Throughout previous posts, I’ve delivered a way to understand what is a quantum measurement. That way of understanding is simple and may suit our normal intuition, but measurement is a non-trivial physical process and somewhat counter-intuitive for several reasons.

First, a measurement in general results in probabilistic outcomes. No matter how careful you prepare for the measurement procedure, it is inherent that possible outcomes of a measure is distributed according to a certain probability distribution determined by the state space of your quantum system.

Second, once you do a measurement, your quantum state instantly gets rid of its previous state and transforms into a new state. This unavoidable sequence is due to the fact to perform a measurement is also to interfere with the current quantum state. The interaction between your quantum system and the measurement aparatus consequently drives to a general difference between the anterior state and the posterior state.

Third, it is necessary to define a set of theoretical rules that allows us to evaluate the probability distribution determining the result if we perform a measurement. Today we’re going to get a deeper look at what a measurement really is in a formally mathematical fashion.

Recall that quantum computing is the science of computation leveraging quantum properties. Qubits, the protagonists in the field, are merely a computer science-favored name for atomic and sub-atomic particles like photons, electrons, etc.. For that reason, measuring a qubit is just measuring specific characteristics of a particle (including but not limited to position, energy, charge, momentum, angular momentum, and spin) that are collectively known as *observables*. In that way, the outcome of a measurement corresponds to values of the measured qubit’s observables. Mathematically, observables are Hermitian operators, a special kind of operator: if $\hat{A}$ is a linear operator: $\hat{A}: \mathscr{H} \rightarrow \mathscr{H}$ with $\mathscr{H}$ is a finite-dimensional Hilbert space, and if $\hat{A} = \hat{A^{\dagger}}$, then $\hat{A}$ is a Hermitian operator.

It needs some techniques in functional analysis to provide a complete explanation why Hermitian operators associate with observable. This makes the concept convoluted and unappealing (actually because I don’t fully understand it). For simplicity, I would say that this correspondence happens because physical quantities must have real values, and there is a theorem states that Hermitian operators always have real eigenvalues. As a result, it makes sense to use Hermitian operators to represent observables. A quantum postulate summarizes the concepts that

All possible results of a measurement of an observable are limited to the set of eigenvalues of that observable.

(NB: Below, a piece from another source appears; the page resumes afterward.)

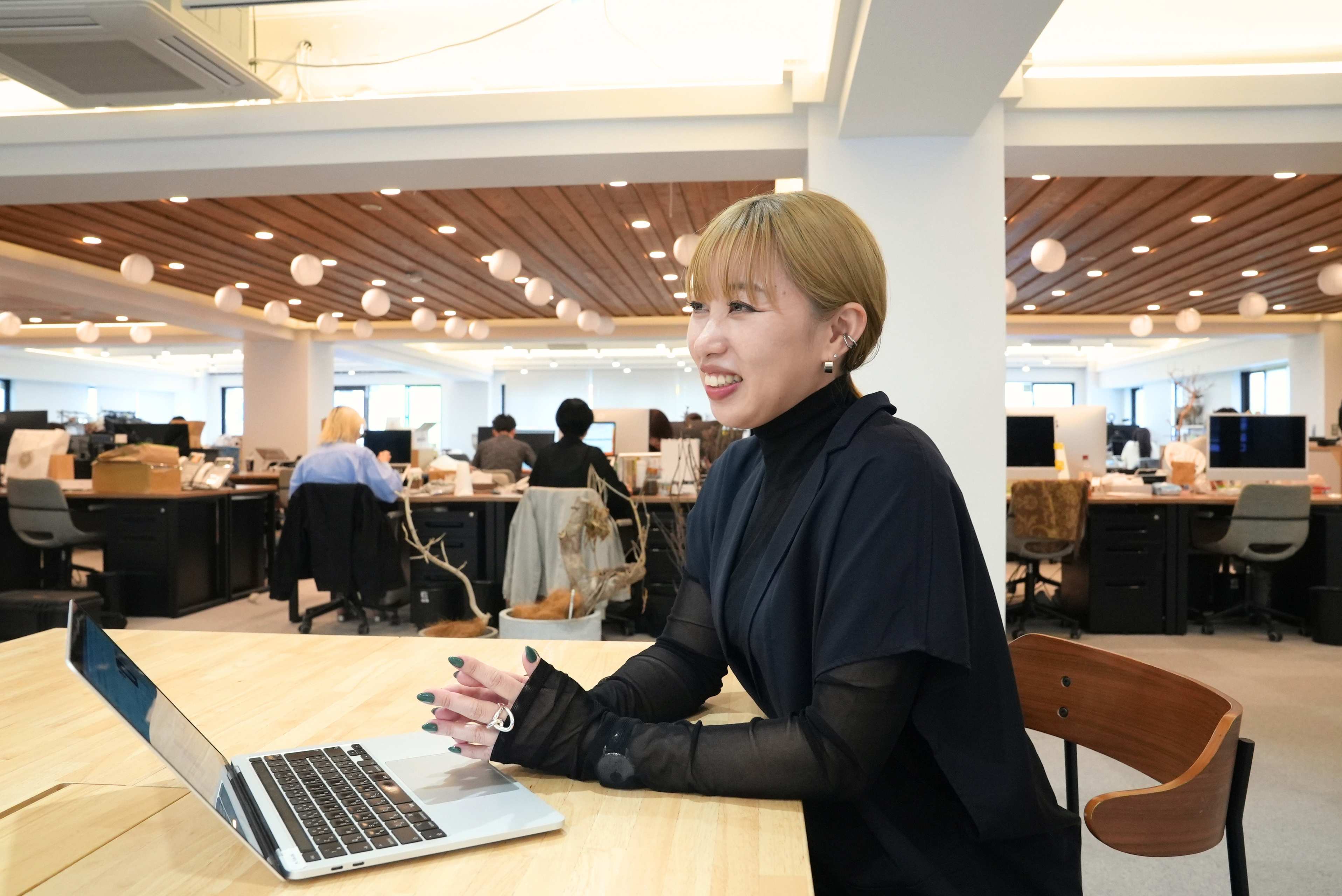 若手の育成をサポートしながら、自身の成長も叶える。入社9年目デザイナーの組織との向き合い方｜社員インタビュー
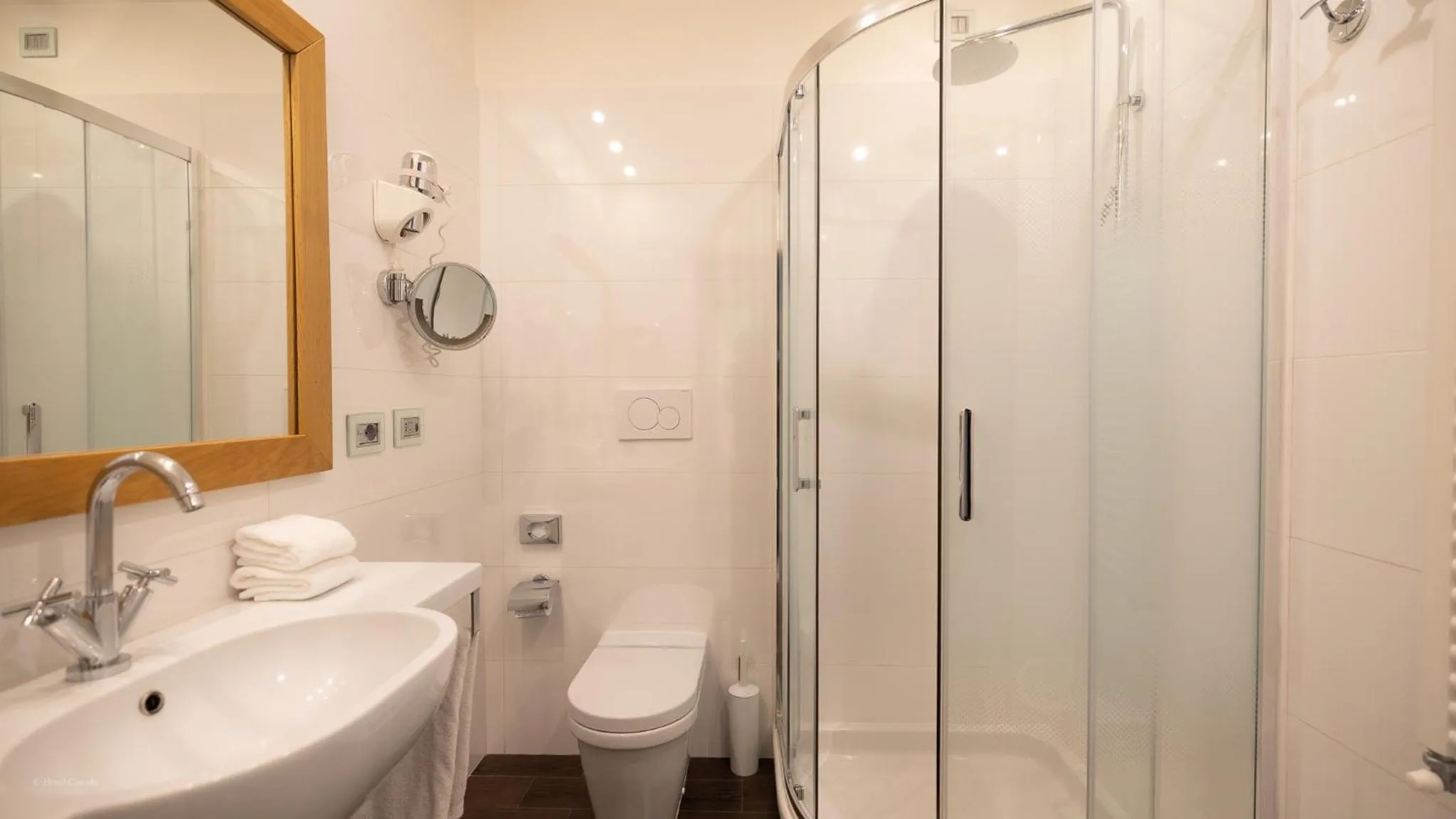 Shower in Hotel Canada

Let $\hat{M}$ be an observable (Hermitian operator), which is defined in the state space of your quantum system, that describes a projective measurement. Since the state space has finite dimensions, it is possible to write $$\hat{M} = \sum_i r_i \hat{P}_{r_i}$$ , where $\hat{P}_{r_i}$ associated with the eigenvalue $r_i$ of $\hat{M}$ is the projector on the eigenspace of $\hat{M}$ defined by that eigenvalue. (In case you didn’t know, eigenspace is the space spanned by all eigenvectors corresponding the same eigenvalue, i.e. the space of all vectors that can be written as linear combinations of those eigenvectors.) The possible outcomes of your measurement are the eigenvalues $r_i$ of observable $\hat{M}$.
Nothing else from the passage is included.